You may have noticed Canada geese starting to make an appearance in Edmonton and over the next few weeks they’ll return by the thousands.
“Right now, all the geese are coming back and they are going to be jockeying for prime nesting sites,” WILDNorth executive director Dale Gienow said.
WILDNorth, a wildlife rescue and rehabilitation society, gets dozens of calls each year from Edmontonians dealing with geese nesting on their properties.
“It’s really important for residents of Edmonton, if they don’t want those nests on their balconies, parking lots, or rooftops — to deter these animals from starting to build their nests.”
Gienow says there are many different ways to do that.
“You can actively be outside,” Gienow said, “if you see them building nests with nesting materials and being active — you can get out there and shoo them away.”
“You can put flagging tape, so surveyors tape, that flaps in the wind — or anything that has some motion to it will keep them away.
“They also like flat areas to nest so they can see predators coming, so if you have shrubbery or physical barriers, they’re not likely to nest in that area.”
If you’re too late, however, you have to leave their nests alone.
“These are federally protected birds,” Gienow said.
“The incubation of the eggs is about one month, so once those nests are there, and once the eggs are there — they’re there for a month and you can’t do anything.”
Once the month is over, the babies hatch within a day.
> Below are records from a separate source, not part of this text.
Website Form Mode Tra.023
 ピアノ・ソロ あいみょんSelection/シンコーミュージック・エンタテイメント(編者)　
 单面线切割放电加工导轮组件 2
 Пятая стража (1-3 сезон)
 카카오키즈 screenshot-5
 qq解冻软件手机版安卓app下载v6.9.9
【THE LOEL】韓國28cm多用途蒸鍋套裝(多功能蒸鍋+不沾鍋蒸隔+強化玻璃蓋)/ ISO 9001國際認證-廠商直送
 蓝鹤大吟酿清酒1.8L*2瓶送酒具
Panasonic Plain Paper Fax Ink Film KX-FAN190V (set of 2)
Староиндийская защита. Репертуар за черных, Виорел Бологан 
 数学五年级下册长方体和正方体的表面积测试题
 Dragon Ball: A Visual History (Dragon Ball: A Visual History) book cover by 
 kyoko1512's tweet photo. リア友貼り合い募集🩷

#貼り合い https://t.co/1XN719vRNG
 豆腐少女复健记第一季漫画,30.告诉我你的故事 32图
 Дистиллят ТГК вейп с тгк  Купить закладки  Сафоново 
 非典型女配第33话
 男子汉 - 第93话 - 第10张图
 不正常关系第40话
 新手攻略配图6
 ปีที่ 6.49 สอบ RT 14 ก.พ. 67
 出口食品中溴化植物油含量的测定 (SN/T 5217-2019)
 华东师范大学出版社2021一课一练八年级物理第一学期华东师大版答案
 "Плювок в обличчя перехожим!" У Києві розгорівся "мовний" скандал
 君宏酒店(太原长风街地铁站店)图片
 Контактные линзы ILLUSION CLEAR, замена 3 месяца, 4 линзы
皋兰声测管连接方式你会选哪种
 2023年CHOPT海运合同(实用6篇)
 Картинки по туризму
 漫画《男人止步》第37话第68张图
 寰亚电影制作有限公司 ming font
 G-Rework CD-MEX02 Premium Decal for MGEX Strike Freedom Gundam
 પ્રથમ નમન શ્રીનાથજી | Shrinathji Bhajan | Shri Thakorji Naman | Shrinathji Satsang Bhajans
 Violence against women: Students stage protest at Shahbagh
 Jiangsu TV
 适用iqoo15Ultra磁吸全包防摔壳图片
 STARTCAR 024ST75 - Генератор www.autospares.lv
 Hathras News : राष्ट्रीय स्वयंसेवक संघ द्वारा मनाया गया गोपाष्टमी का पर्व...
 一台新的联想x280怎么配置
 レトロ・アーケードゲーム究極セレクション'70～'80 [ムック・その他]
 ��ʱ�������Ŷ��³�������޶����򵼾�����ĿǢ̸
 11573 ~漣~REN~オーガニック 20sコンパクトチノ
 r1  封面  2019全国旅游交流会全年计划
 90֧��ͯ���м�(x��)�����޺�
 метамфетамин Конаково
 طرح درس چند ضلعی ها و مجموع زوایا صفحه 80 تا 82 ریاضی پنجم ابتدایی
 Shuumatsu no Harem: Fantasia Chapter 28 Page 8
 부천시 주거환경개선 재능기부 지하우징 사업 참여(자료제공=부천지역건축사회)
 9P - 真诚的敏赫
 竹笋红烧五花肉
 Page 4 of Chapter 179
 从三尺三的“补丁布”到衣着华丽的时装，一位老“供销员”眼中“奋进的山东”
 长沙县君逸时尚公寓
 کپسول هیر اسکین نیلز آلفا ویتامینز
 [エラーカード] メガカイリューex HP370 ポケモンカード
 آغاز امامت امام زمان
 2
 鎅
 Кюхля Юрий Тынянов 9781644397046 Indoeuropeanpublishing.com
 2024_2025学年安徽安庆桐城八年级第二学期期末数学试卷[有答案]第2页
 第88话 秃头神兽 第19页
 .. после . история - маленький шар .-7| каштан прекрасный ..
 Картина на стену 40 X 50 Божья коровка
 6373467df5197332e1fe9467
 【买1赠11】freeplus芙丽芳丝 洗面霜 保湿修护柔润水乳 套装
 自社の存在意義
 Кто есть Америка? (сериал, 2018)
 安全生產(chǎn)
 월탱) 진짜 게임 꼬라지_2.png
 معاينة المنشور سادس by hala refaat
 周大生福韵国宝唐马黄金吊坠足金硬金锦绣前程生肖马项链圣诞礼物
Then they head to the closest water source.
“Maybe they decide to nest in front of your business,” Gienow said. “The parents can get very protective over their eggs, so it’s going to infringe on the number of people that come to your business.
“Maybe it’s (on) your balcony — you can’t step outside your house, because there’s a nesting bird on your balcony.
“(People) are concerned because it’s interrupting their normal activities and there’s nothing that can be done about it,” he said.
There are an estimated seven million Canada geese living in North America, according to the Canadian Wildlife Service.